● PROMPT
Copy the lines below, please, starting with the one that contains "李雨桐夏日装扮露香肩秀美腿 扎马尾辫俏皮舔冰淇淋" and ending with the last. Pictures stay out.

● DATA
________

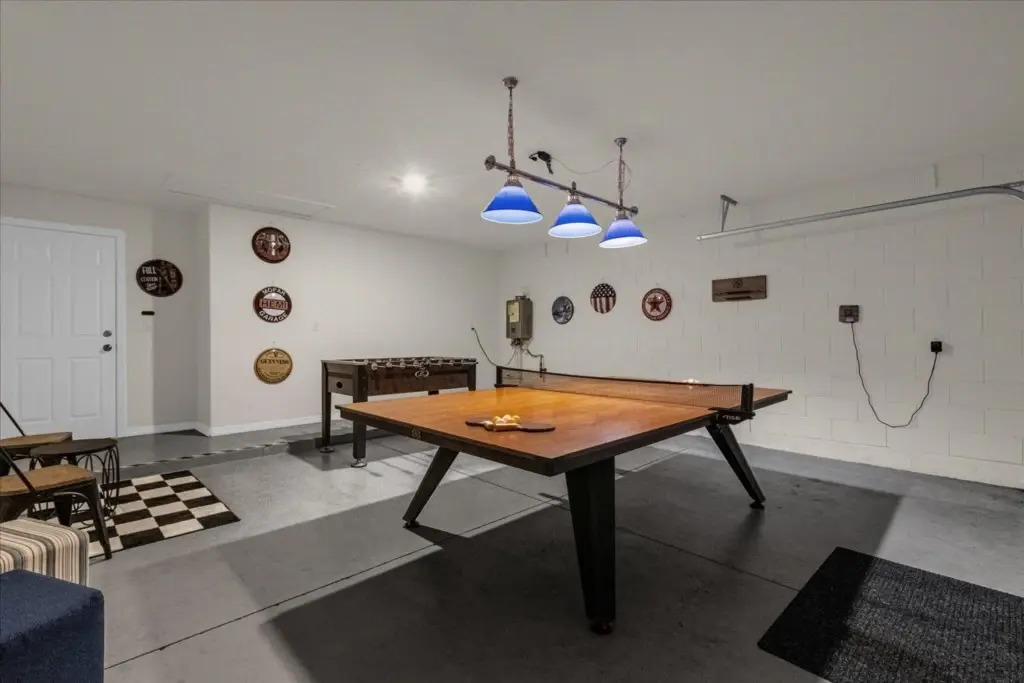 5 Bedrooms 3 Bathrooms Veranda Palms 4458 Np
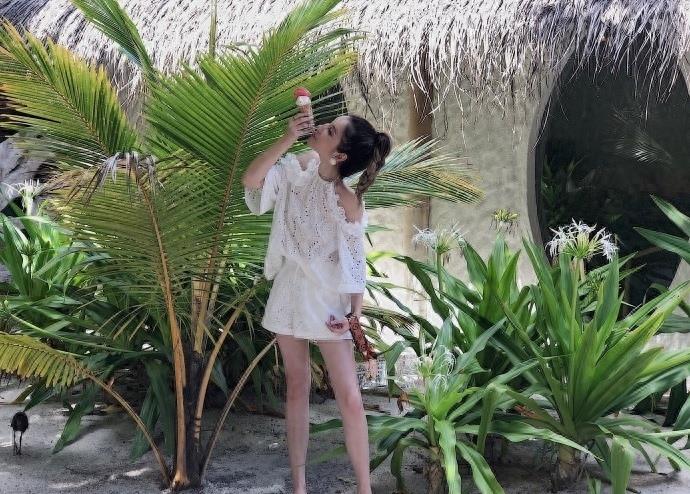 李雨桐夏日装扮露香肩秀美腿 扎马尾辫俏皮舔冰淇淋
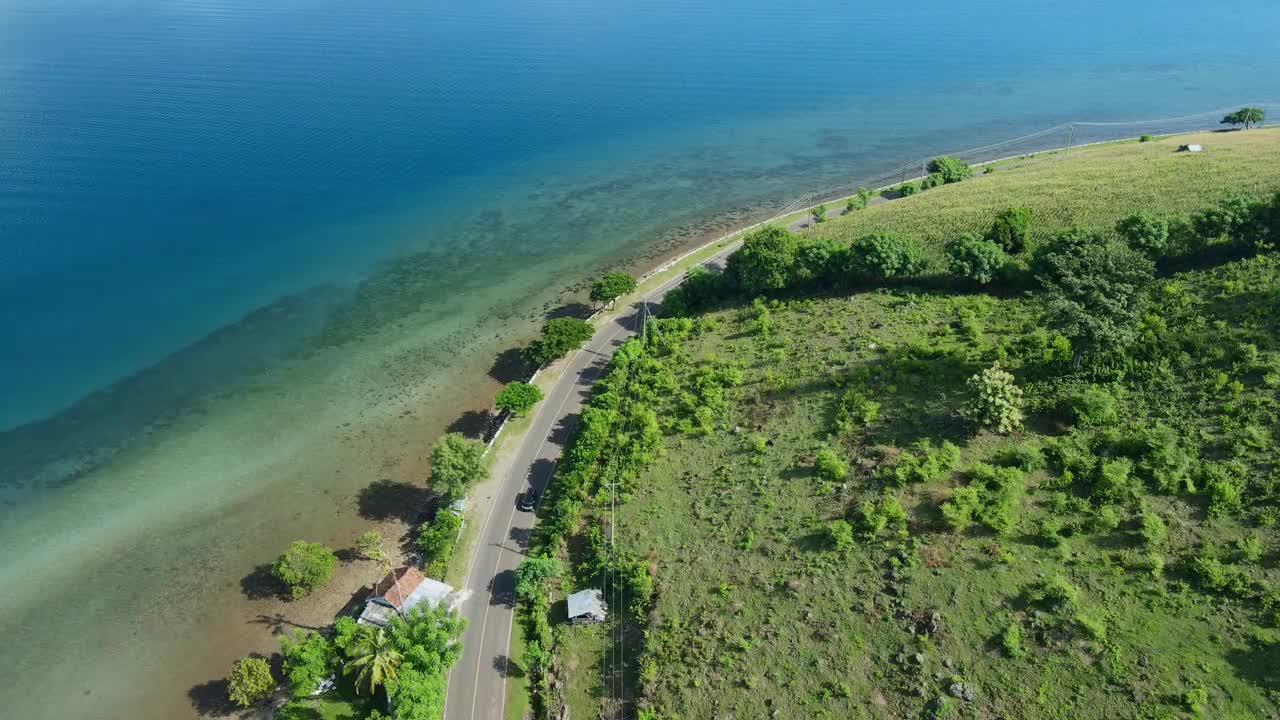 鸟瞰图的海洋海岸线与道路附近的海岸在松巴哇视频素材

________

● RESPONSE TO THE TASK
 李雨桐夏日装扮露香肩秀美腿 扎马尾辫俏皮舔冰淇淋
 鸟瞰图的海洋海岸线与道路附近的海岸在松巴哇视频素材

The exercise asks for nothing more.